### [Task goal]
The response should be the records below, repeated exactly, with each picture left out.

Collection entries
= = = =
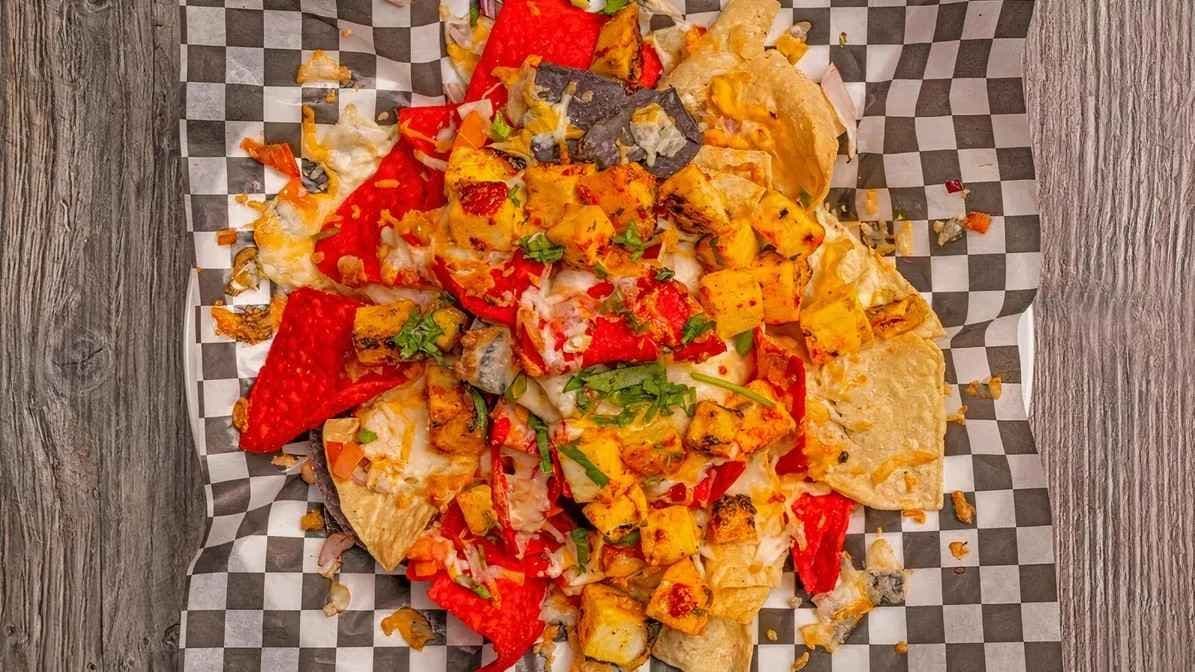 Tandoori Chicken Nachos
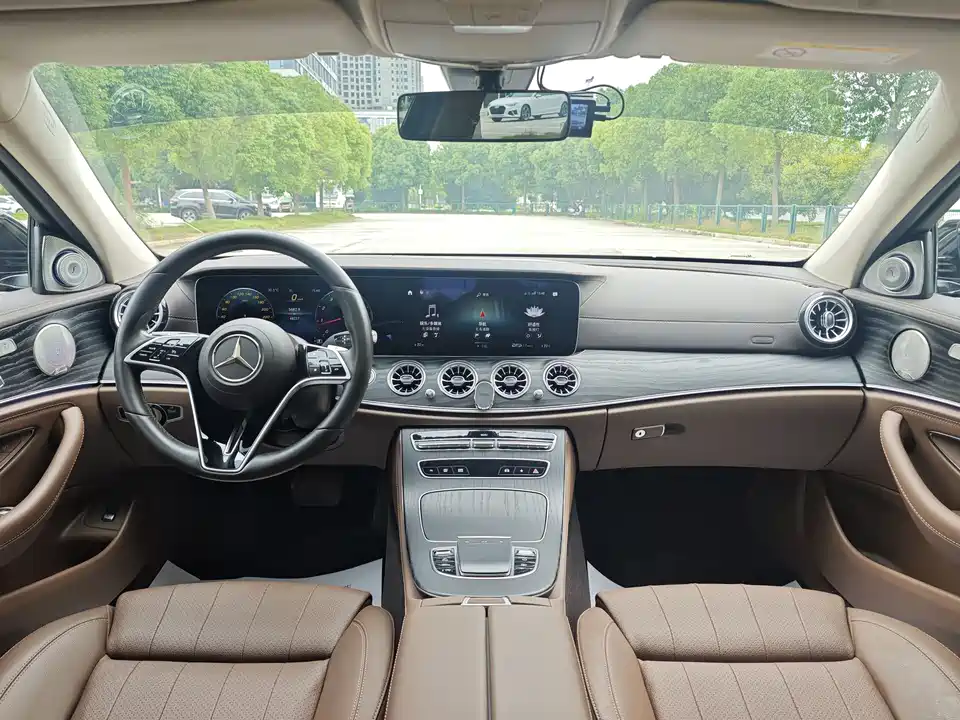 Mercedes-Benz E-class Mercedes-Benz E-class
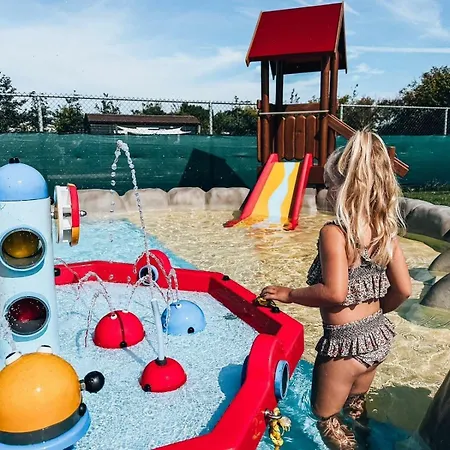 Lila Aan Zee - Recreatiepark De Watersnip Κάμπινγκ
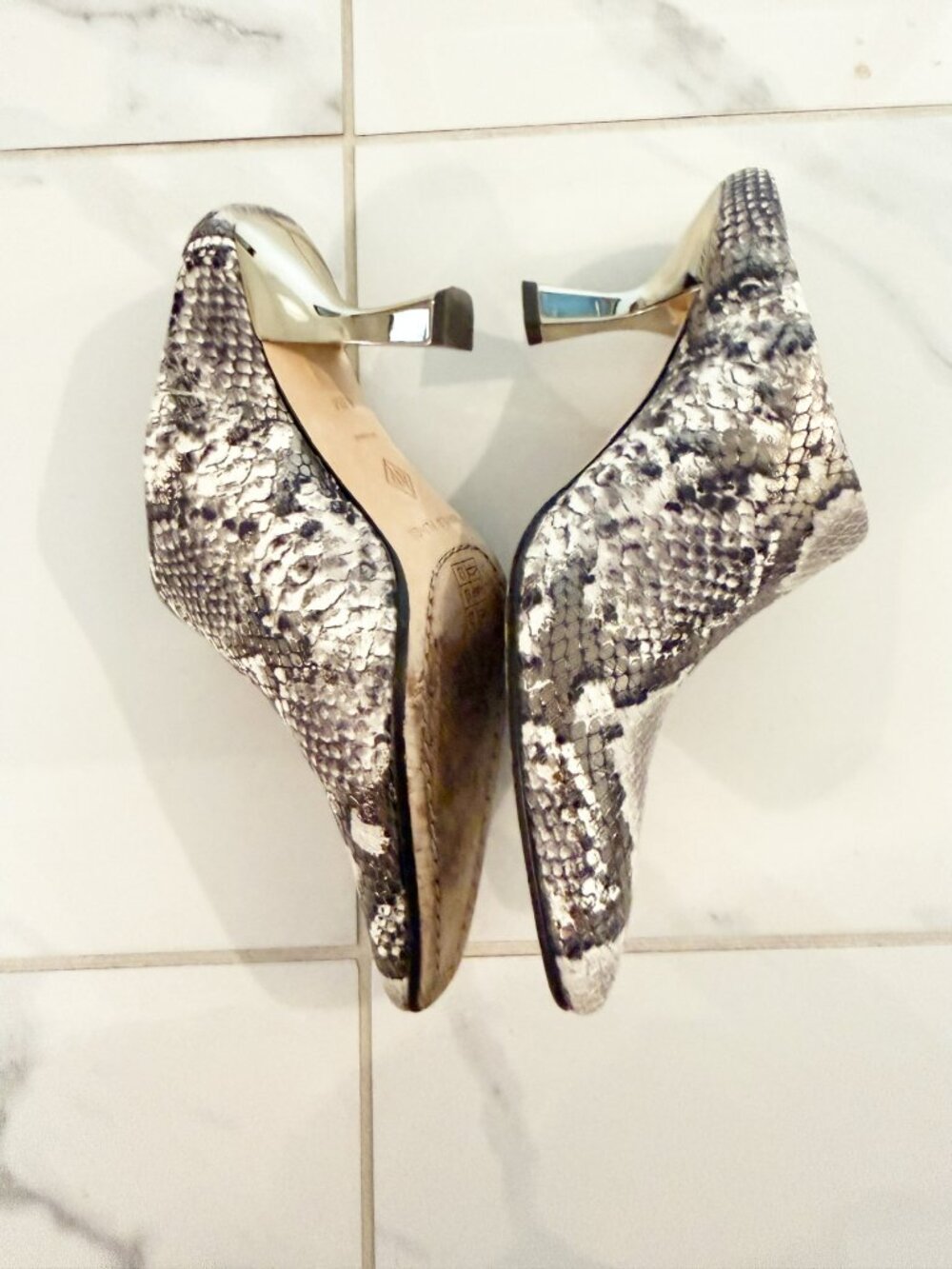 Donald Pliner Buena Mid Heel Slip on Mules Size 6.5 Python Snake Leather - Picture 5 of 11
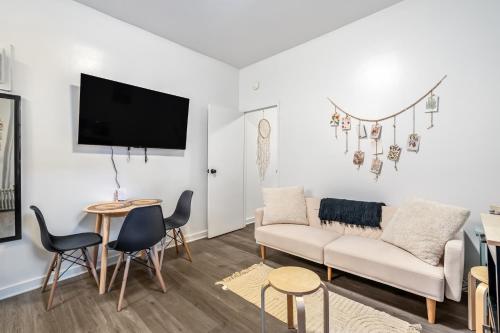 Oasis Apartment by Columbus Circle & Times Square in Manhattan, New York (photo 6)
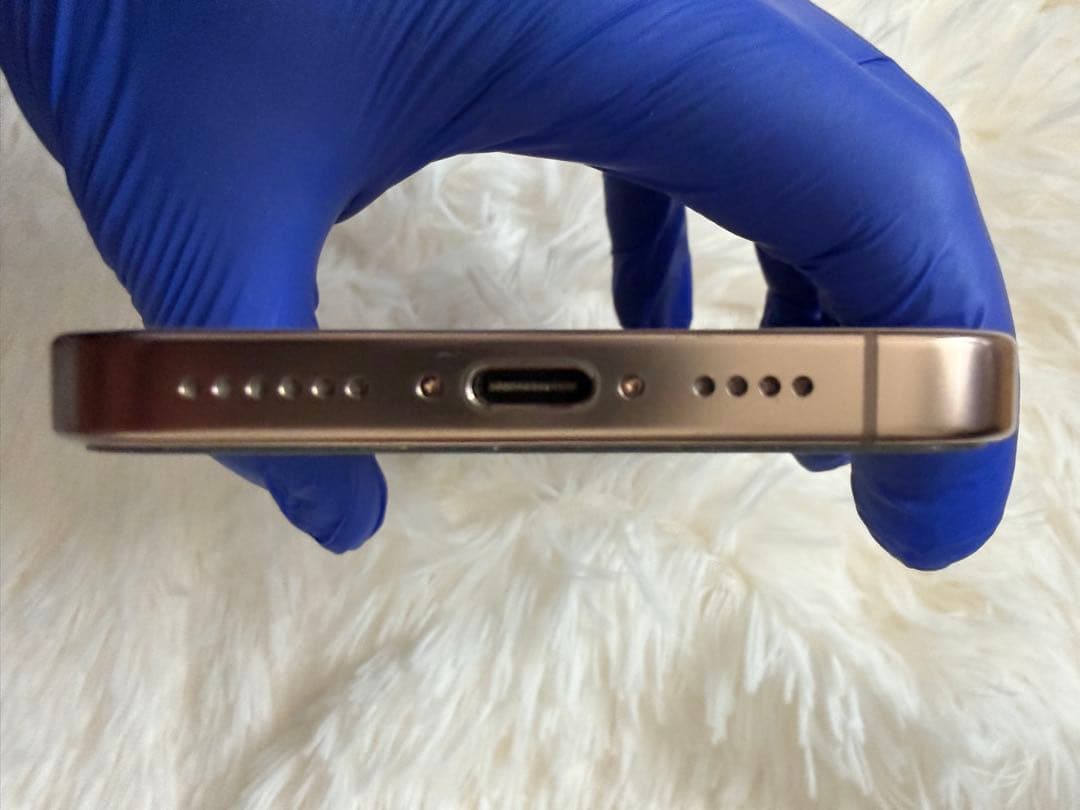 超美品　iPhone16 Pro Max 256GB デザートチタニウム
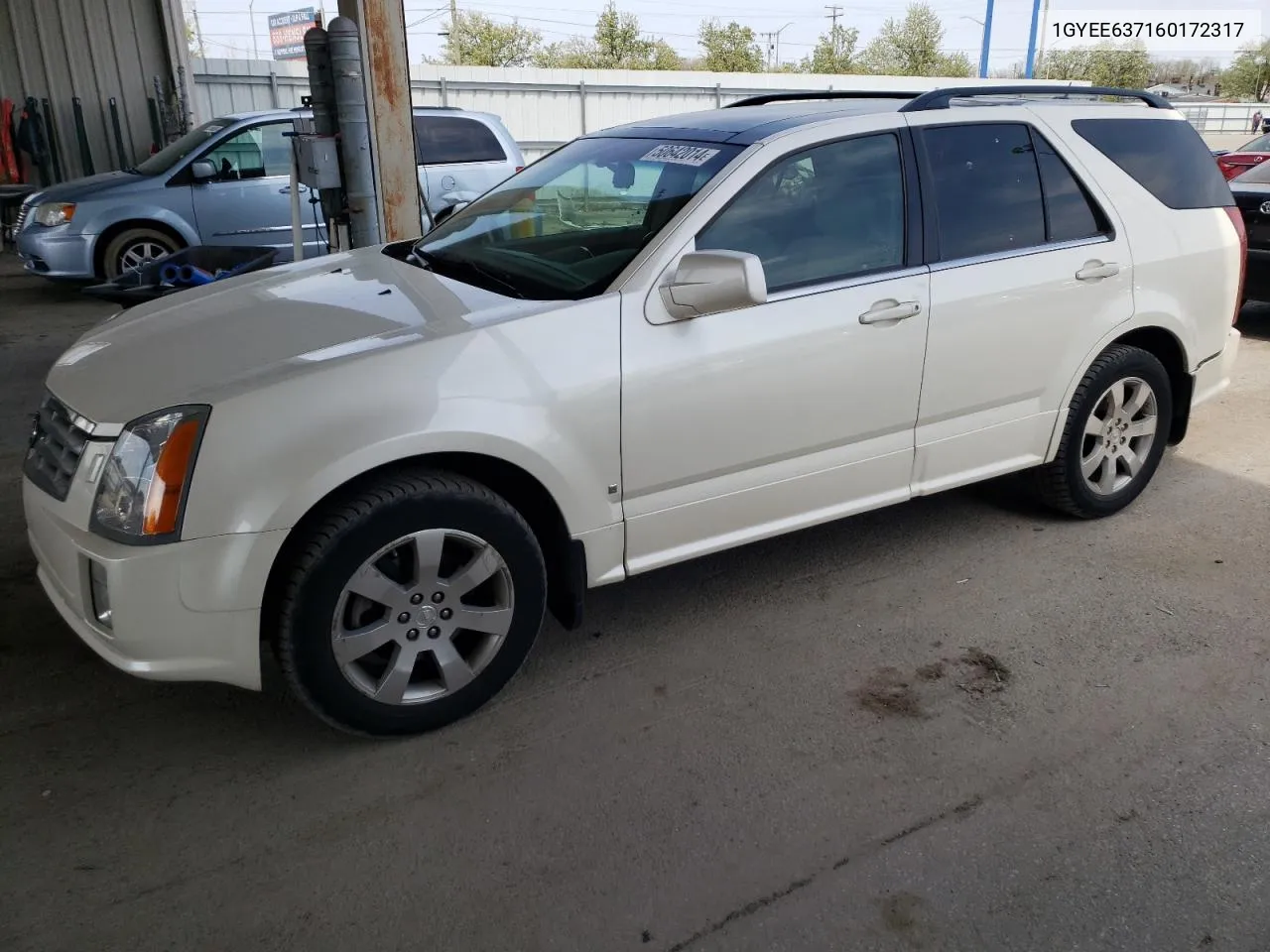 2006 Cadillac Srx VIN: 1GYEE637160172317 Lot: 50642014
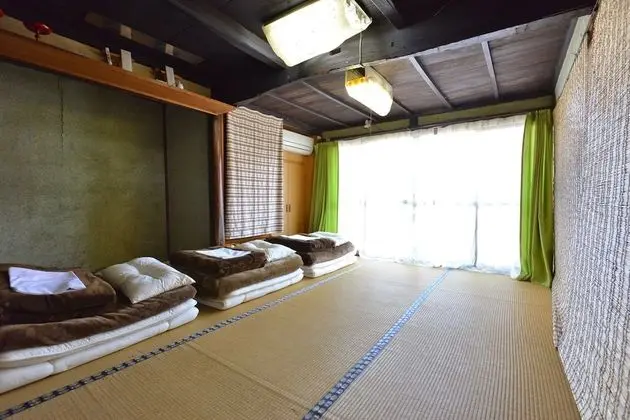 Traditional Ev, 3 Yatak Odası (Whole House Rental)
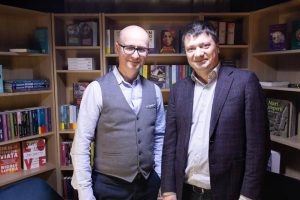 Read more about the article Astăzi, la Avangarda, invitatul lui Ionuț Vulpescu demontează miturile, prejudecățile și utopiile create în jurul digitalizării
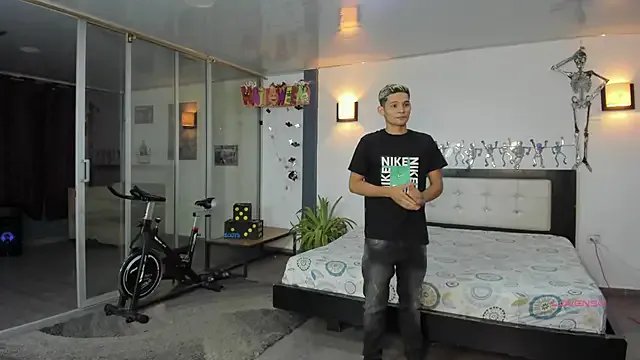 Playhardsexx on StripChat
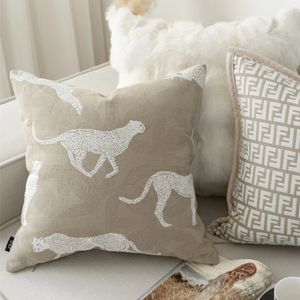 Leopard and Horse Throw Pillow Cushion Cover Oat Color Luxury Sofa Without Core Modern Jacquard Pillowcass Home Decoration 240521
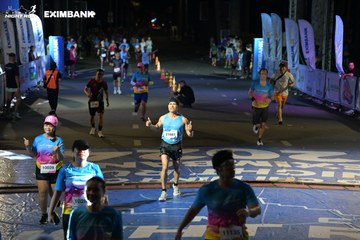 HO CHI MINH CITY NIGHT RUN EXIMBANK 2024 - Ảnh #2035278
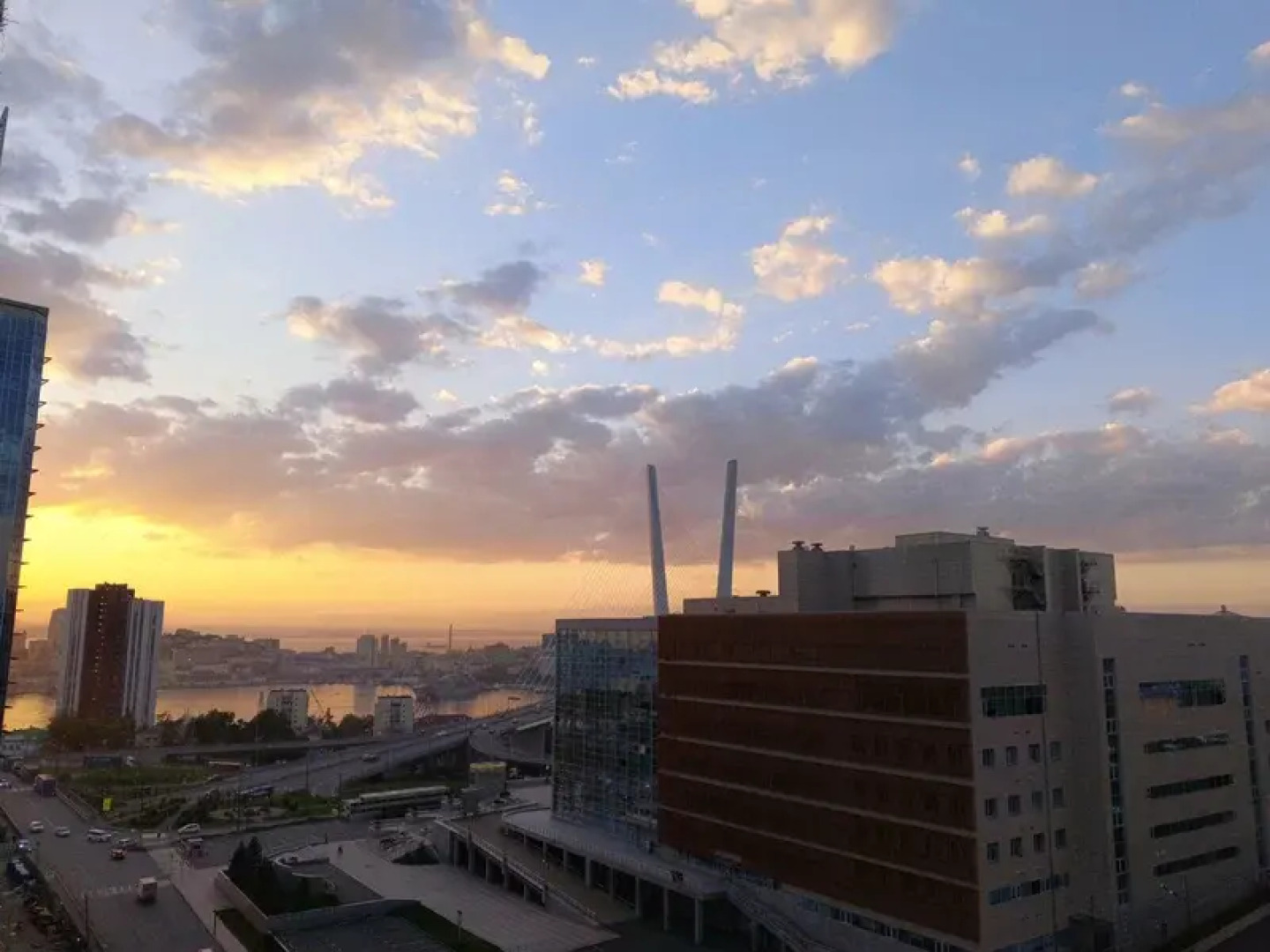 Квартира уютная напротив Театра оперы и балета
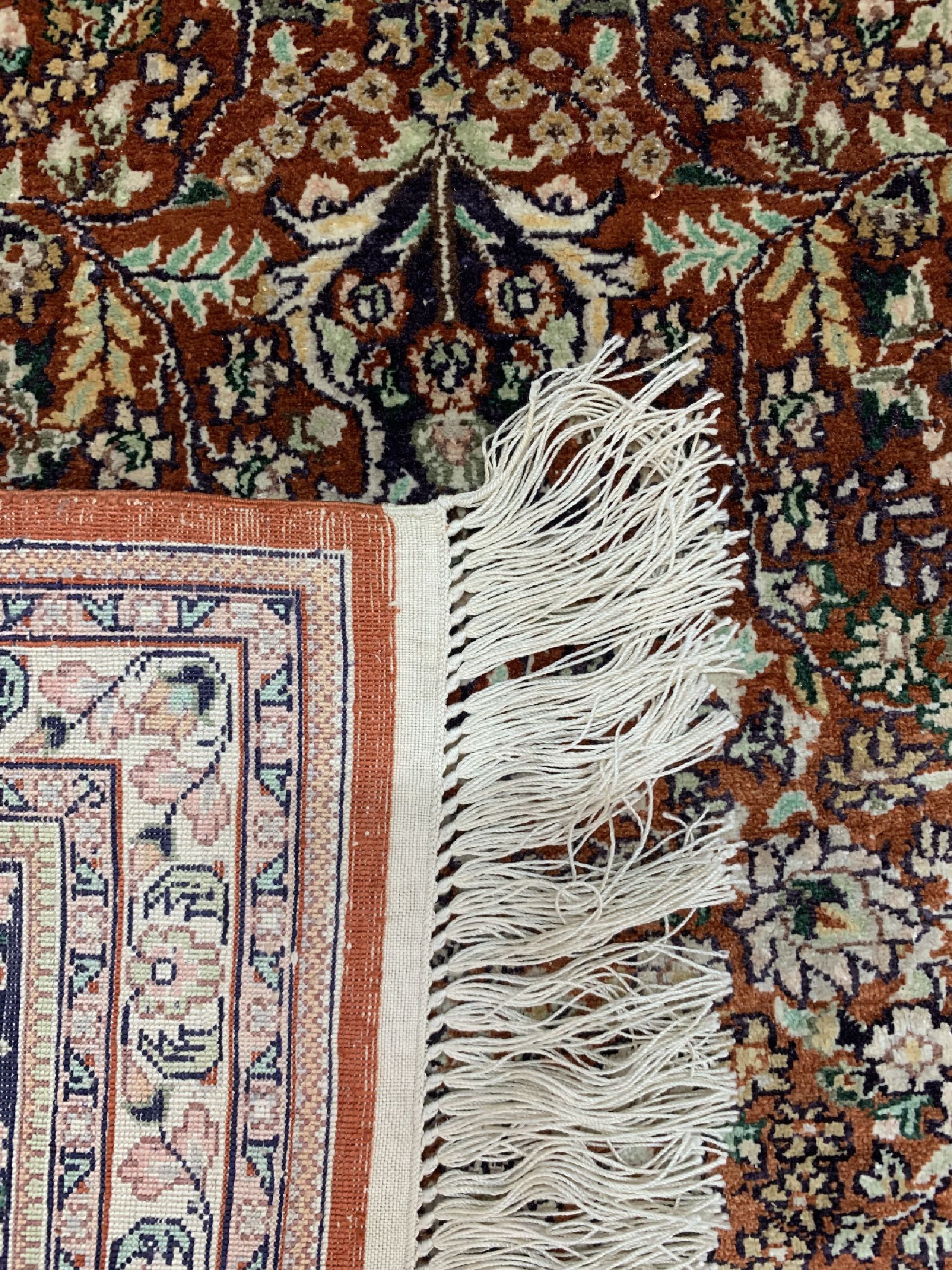 Detail e: Hereke Seide fein, China, ca. 40 Jahre, reine Naturseide, ca. 182 x 125 cm, ca. 1,0 Mio. Kn/qm, EHZ: 1-2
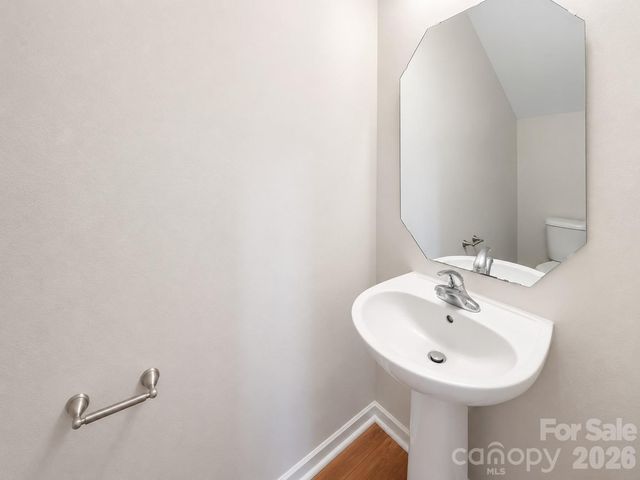 220 Hunslet Circle, Charlotte, NC 28206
= = = =
### [Exercise answer]
 Tandoori Chicken Nachos
 Mercedes-Benz E-class Mercedes-Benz E-class
 Lila Aan Zee - Recreatiepark De Watersnip Κάμπινγκ
 Donald Pliner Buena Mid Heel Slip on Mules Size 6.5 Python Snake Leather - Picture 5 of 11
 Oasis Apartment by Columbus Circle & Times Square in Manhattan, New York (photo 6)
 超美品　iPhone16 Pro Max 256GB デザートチタニウム
 2006 Cadillac Srx VIN: 1GYEE637160172317 Lot: 50642014
 Traditional Ev, 3 Yatak Odası (Whole House Rental)
 Read more about the article Astăzi, la Avangarda, invitatul lui Ionuț Vulpescu demontează miturile, prejudecățile și utopiile create în jurul digitalizării
 Playhardsexx on StripChat
 Leopard and Horse Throw Pillow Cushion Cover Oat Color Luxury Sofa Without Core Modern Jacquard Pillowcass Home Decoration 240521
 HO CHI MINH CITY NIGHT RUN EXIMBANK 2024 - Ảnh #2035278
 Квартира уютная напротив Театра оперы и балета
 Detail e: Hereke Seide fein, China, ca. 40 Jahre, reine Naturseide, ca. 182 x 125 cm, ca. 1,0 Mio. Kn/qm, EHZ: 1-2
 220 Hunslet Circle, Charlotte, NC 28206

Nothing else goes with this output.